§ **Try it**:
Restate exactly the lines that run from the start of the records below to the line containing "Opel Corsa D", counting both ends, and nothing else; pictures stay out.

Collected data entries
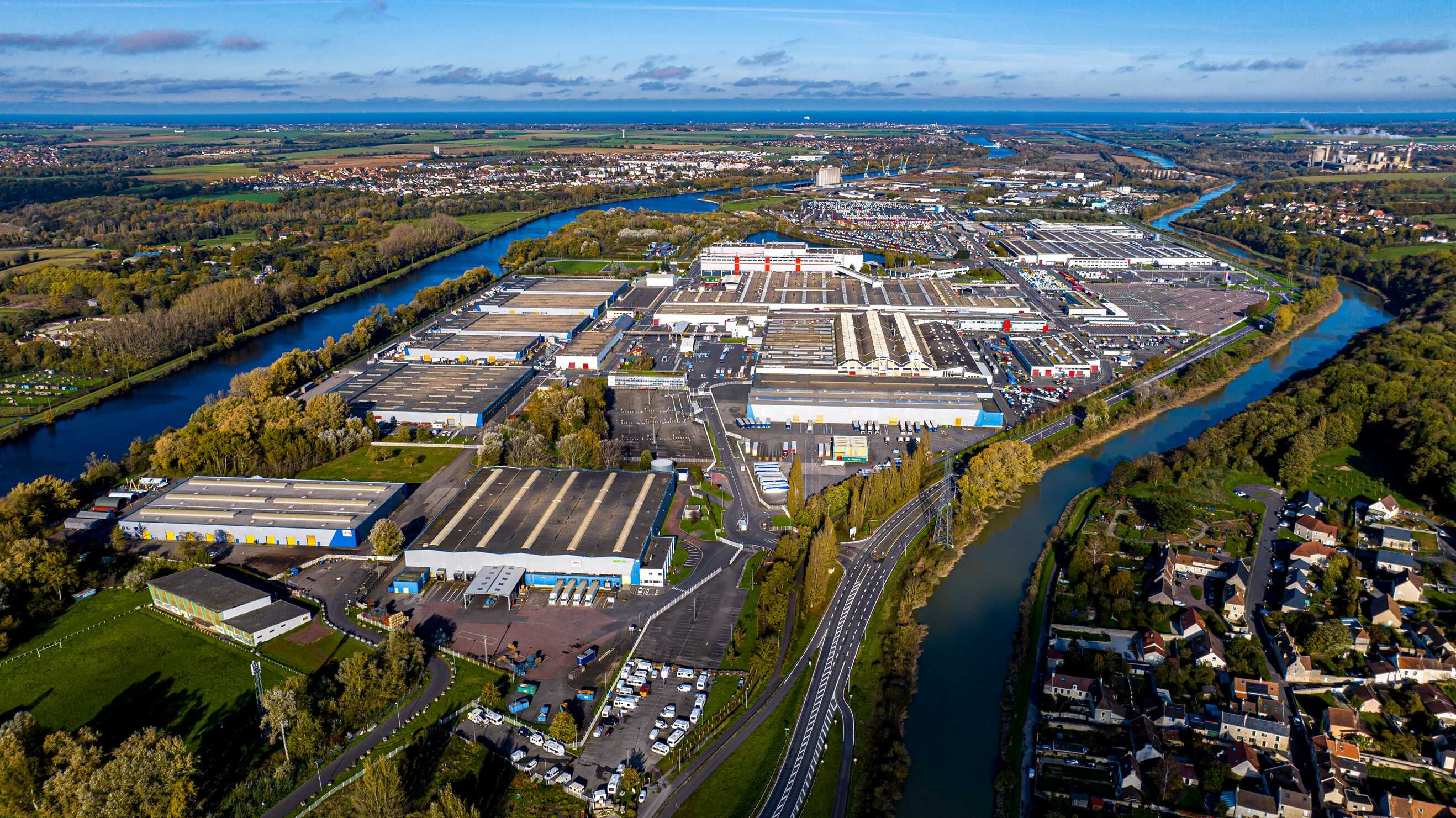 Usine Renault Trucks Blainville drone red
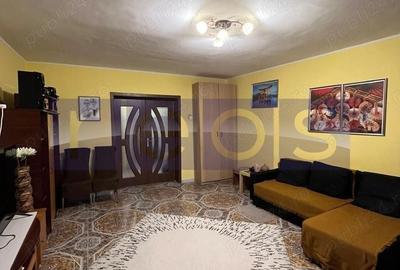 Apartament cu 3 camere decomandat, mobilat în P-ța Unirii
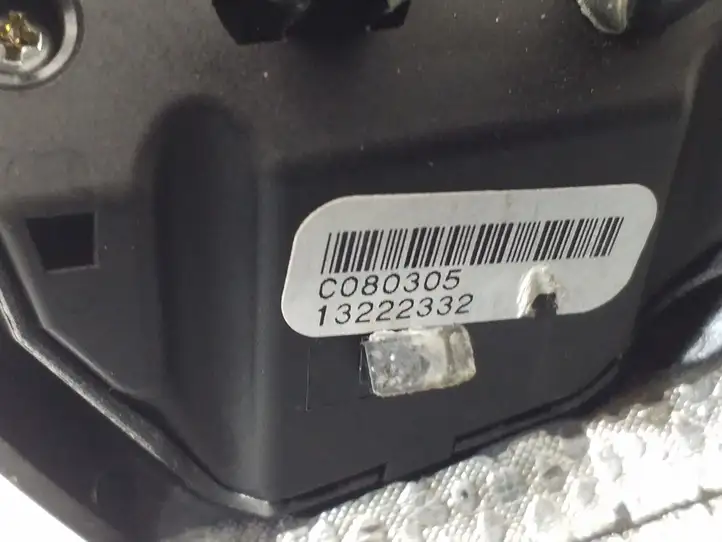Opel Corsa D (2006 - 2010) 13222332 Кнопки на рулевом колесе — фото 3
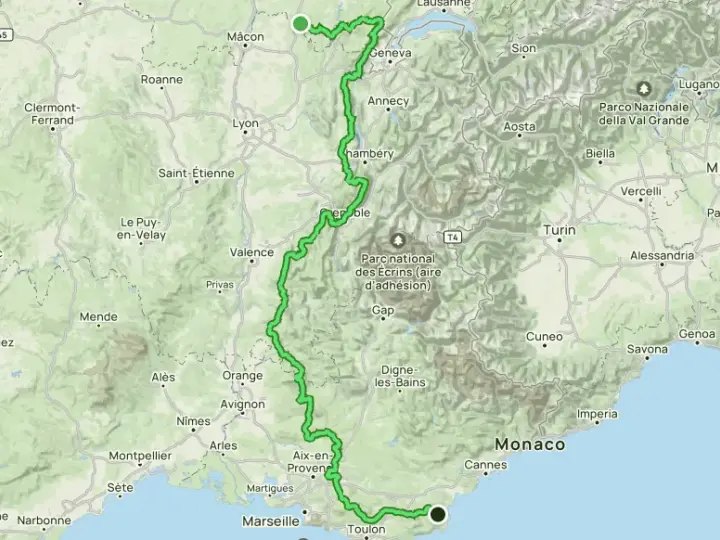Carte de France et d'Italie montrant un itinéraire vert traversant les Alpes, de la Suisse à la côte méditerranéenne, passant par Lyon, Grenoble et Monaco.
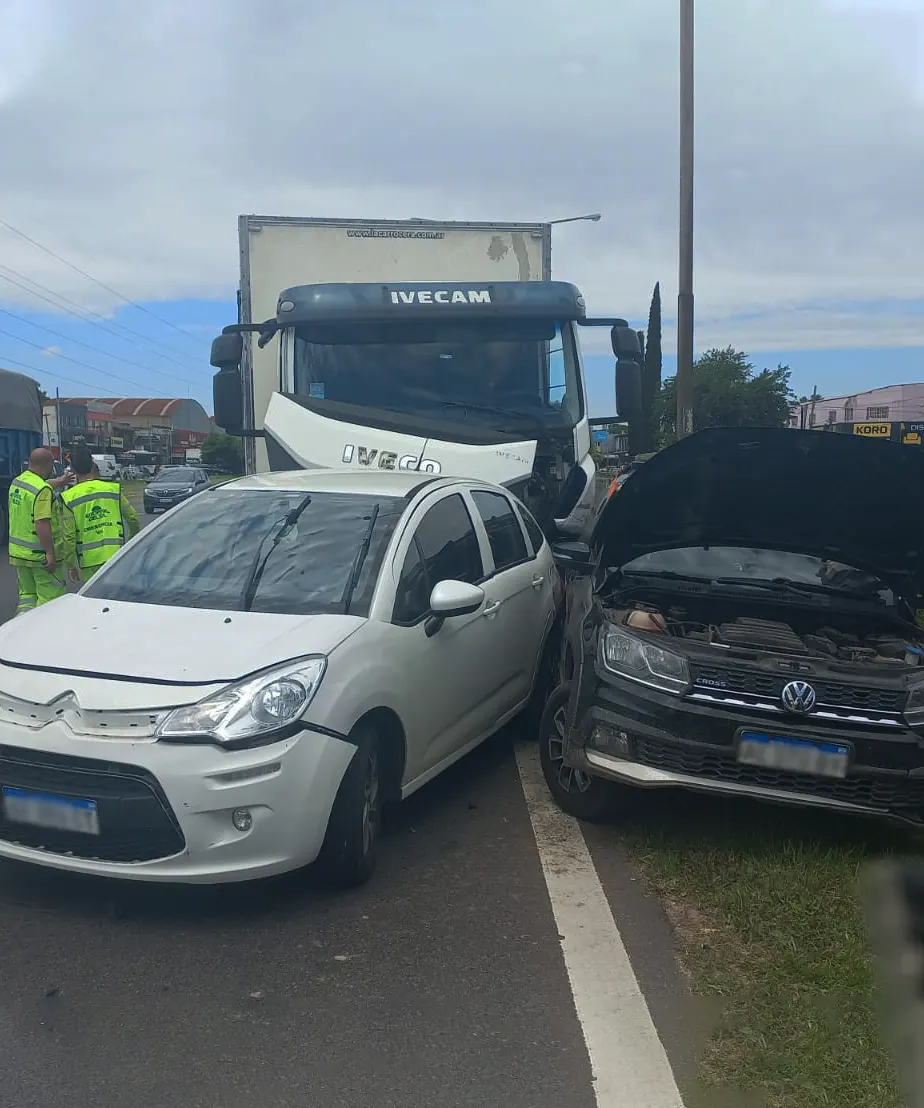Tras el choque de Volkswagen y un Toyota; también se vio involucrado un Citroën C3.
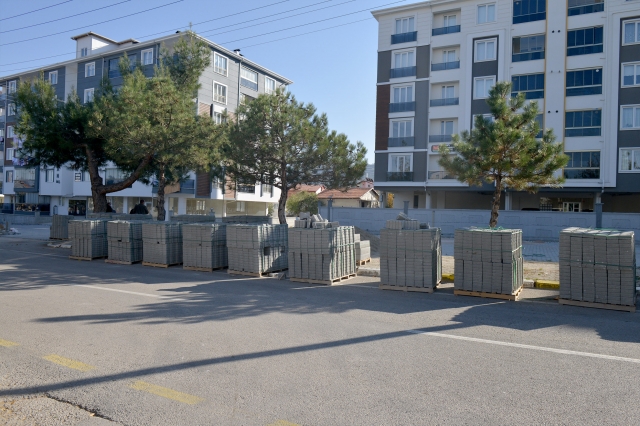 Gülevler ve Vatan mahallelerinde kilit parke taşı çalışması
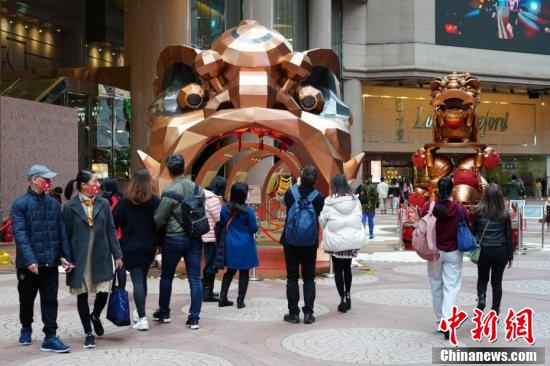 大年初一香港街头一派喜庆气氛休闲区蓝鸢梦想 - Www.slyday.coM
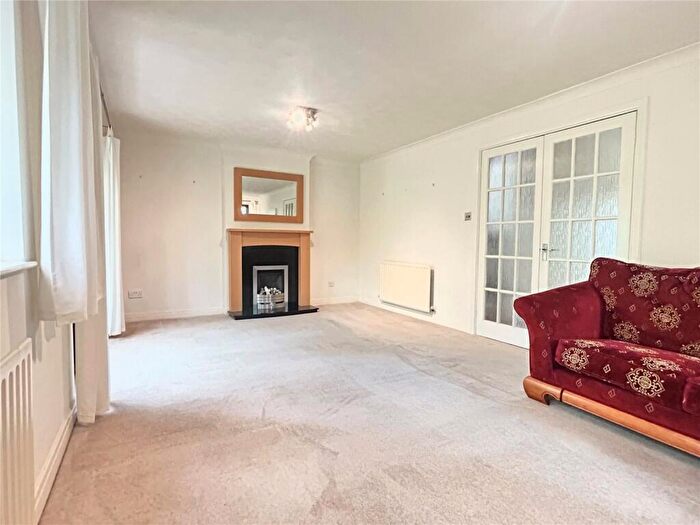 3 Bedroom Semi-Detached House To Rent In Hollin Mews, Weetwood, Leeds, LS16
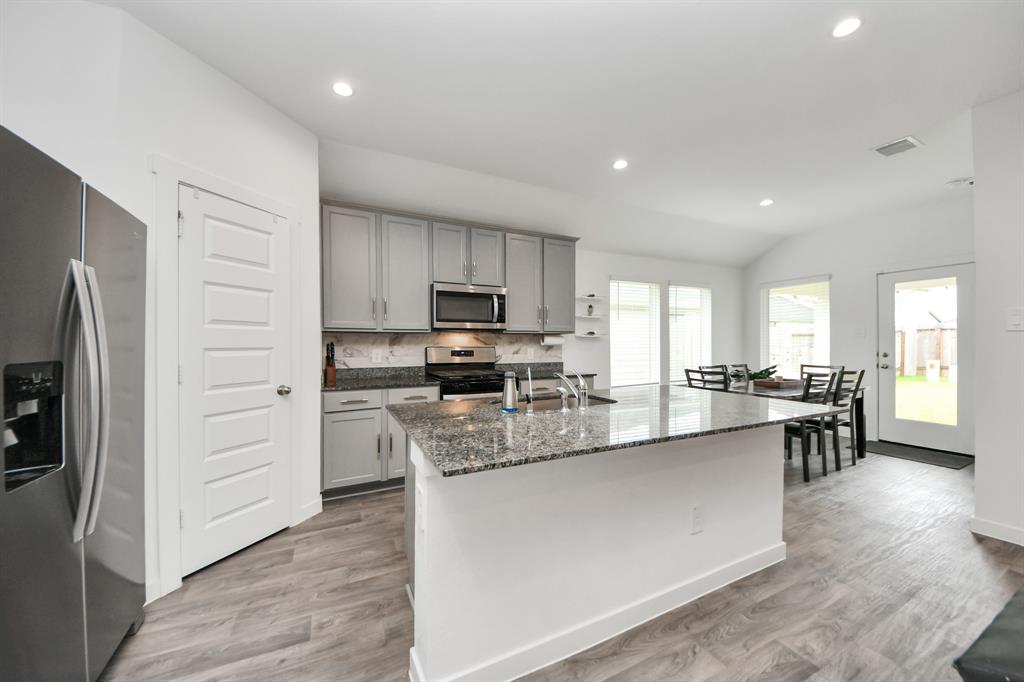 31811 Whittis Hill Way, Fulshear, Texas image 13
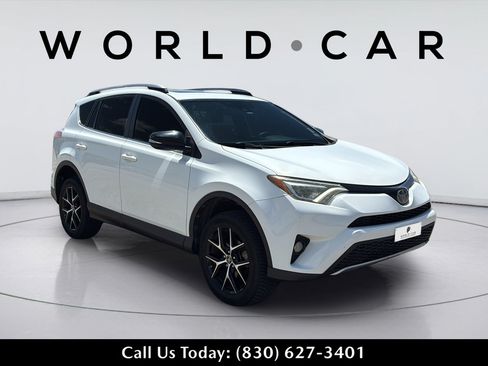 Used 2018 Toyota RAV4 SE w/ Power Extra Value Package FWD image 2
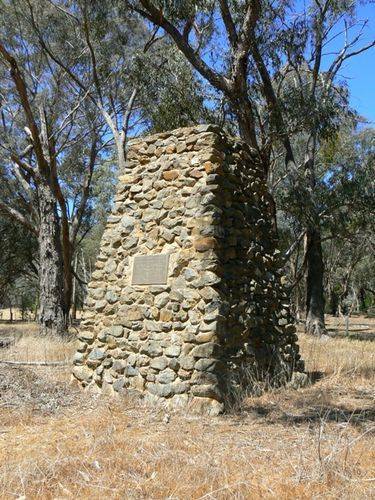 Hume + Hovell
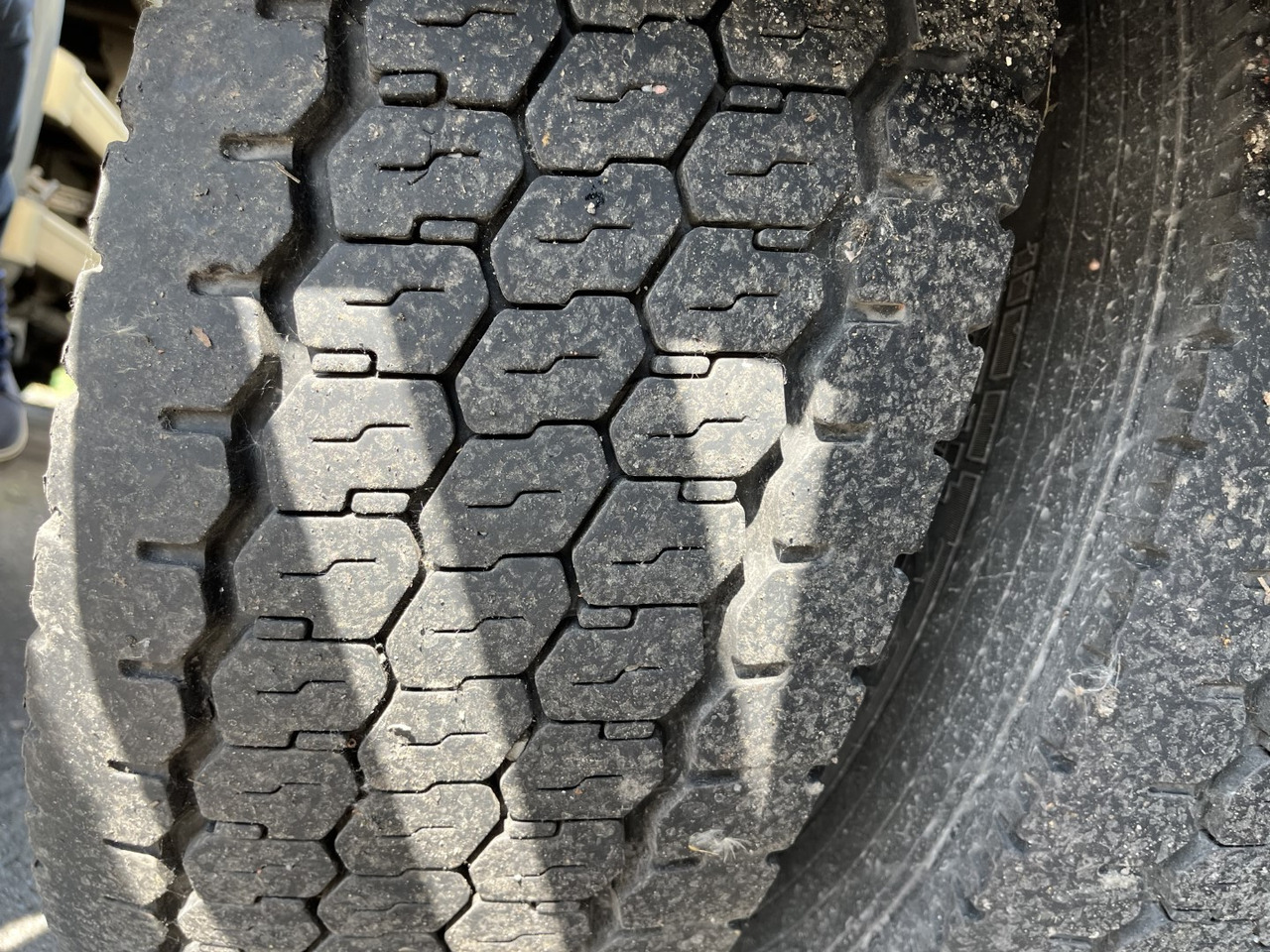 Kamion s ceradom DAF LF 220: slika Kamion s ceradom DAF LF 220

§ **Exercise solution**:
 Usine Renault Trucks Blainville drone red
 Apartament cu 3 camere decomandat, mobilat în P-ța Unirii
Opel Corsa D (2006 - 2010) 13222332 Кнопки на рулевом колесе — фото 3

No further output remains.